Scope Note: The application layer is not the application that is doing the communication; a service layer that provides these services.

54

Application maintenance
review

An evaluation of any part of a project to perform maintenance on an application system.

Scope Note: Examples include project management, test plans and user acceptance testing (UAT) procedures.

55

Application or managed service provider (ASP/MSP)

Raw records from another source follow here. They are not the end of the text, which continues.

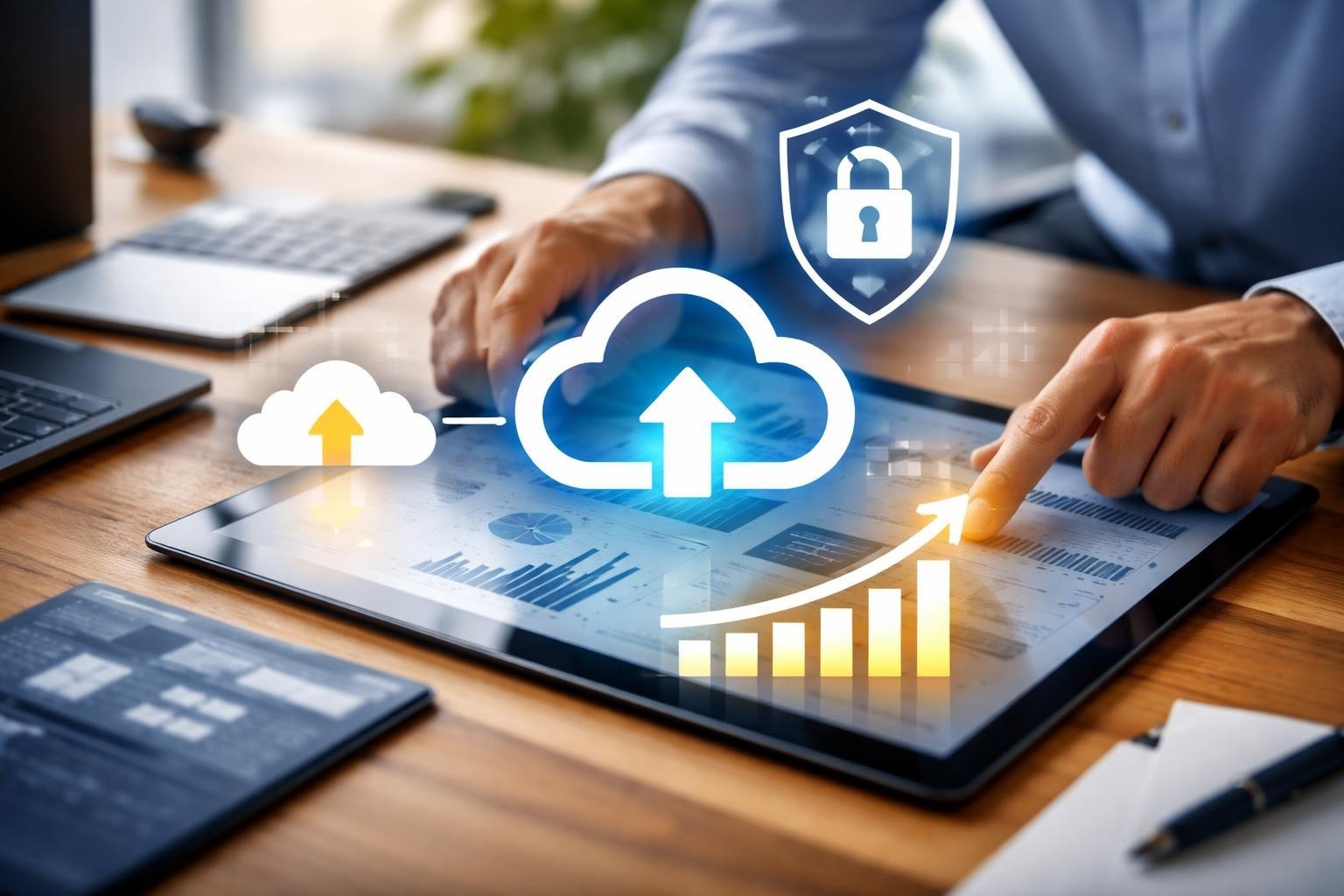 Person using tablet with cloud upload, cybersecurity icons, and business growth graph for IT consulting in Calgary.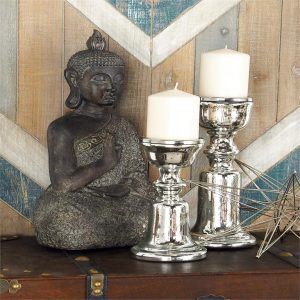 GLASS CANDLE HOLDER SET/2 9"X12"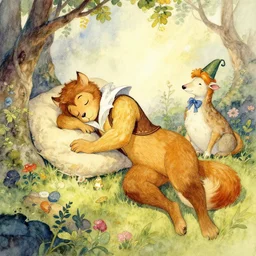 puss in boots, fantasy art, trending on artstation, sleeping beauty fairytale, art by hans zatzka and walter crane and kay nielsen, watercolor illustration,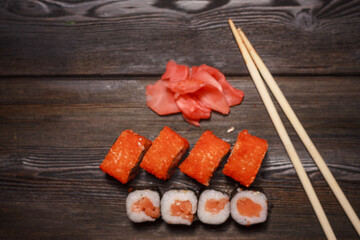 sushi chopsticks rolls ginger delicacy traditional japanese cuisine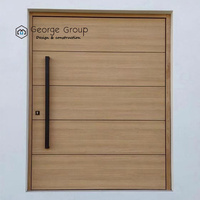 Puerta Exterior Giratoria de Diseño Moderno George Group para Villa, Aislamiento Térmico, Madera Sólida de Palisandro, Pivote Antirrobo de Fibra de Vidrio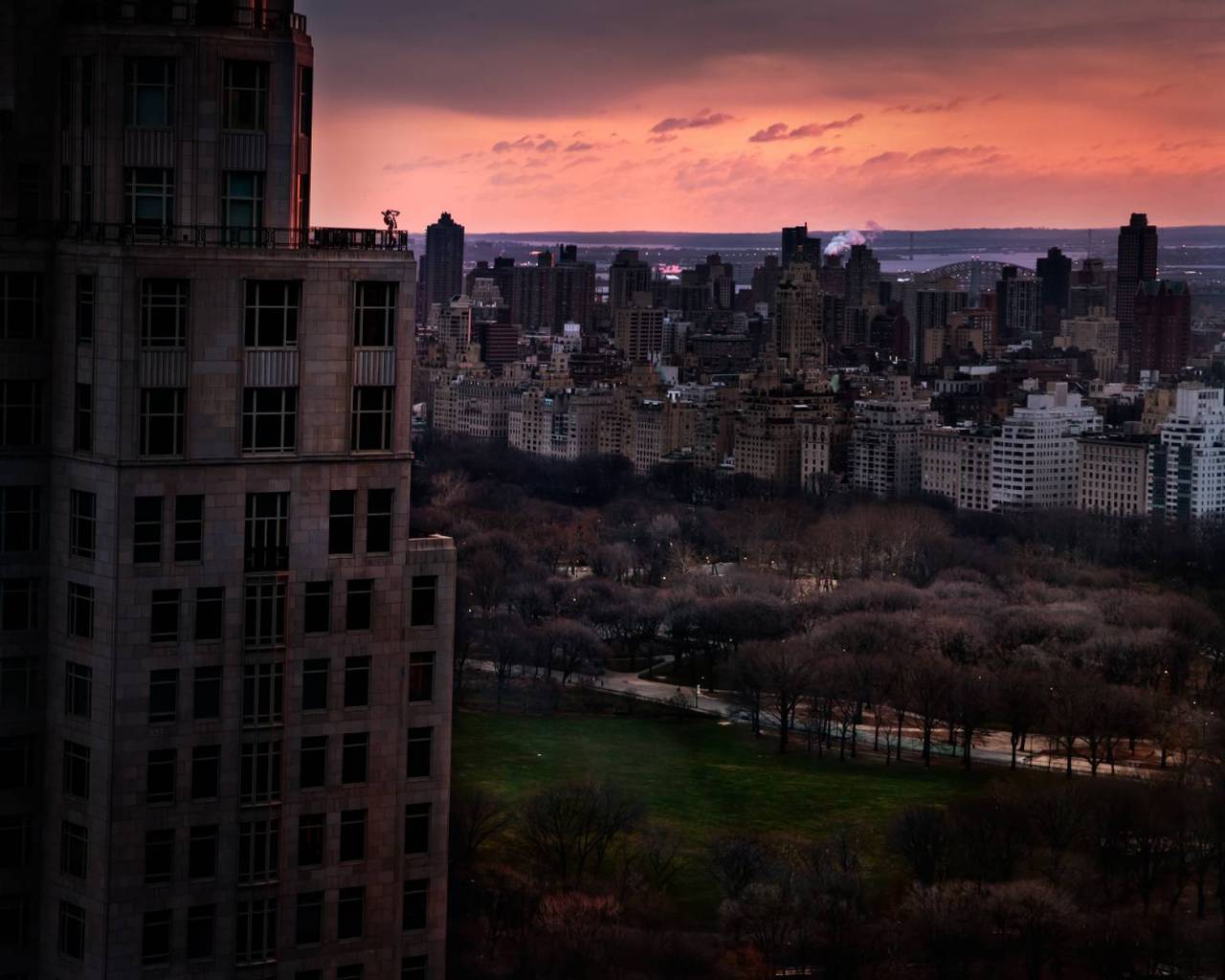 David Drebin Landscape Photograph - Girl over Central Park - New York during Sunset, Fine Art Photography, 2012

A third party that delivers and manages applications and computer services, including security services to multiple users via the Internet or a private network.

56

Application Programme

A program that processes business data through activities such as data entry, update or query
Scope Note: Contrasts with systems programs, such as an operating system or network control program, and with utility programs such as copy or sort.

57

Application Programming Interface (API)

A set of routines, protocols and tools referred to as "building blocks" used in business application software
development.

Scope Note: A good API makes it easier to develop a program by providing all the building blocks related to functional characteristics of an operating system that applications need to specify, for example, when interfacing with the operating system (e.g., provided by Microsoft Windows, different versions of UNIX). A programmer utilizes these APIs in developing applications that can operate effectively and efficiently on the platform chosen.

58

Application proxy

A service that connects programs running on internal networks to services on exterior networks by creating two connections, one from the requesting client and another to the destination service.

59

Application security

Refers to the security aspects supported by the application, primarily with regard to the roles or
responsibilities and audit trails within the applications

60

Application Service Provider (ASP)

Also known as managed service provider (MSP), it deploys, hosts and manages access to a packaged application to multiple parties from a centrally managed facility.

Scope Note: The applications are delivered over networks on a subscription basis.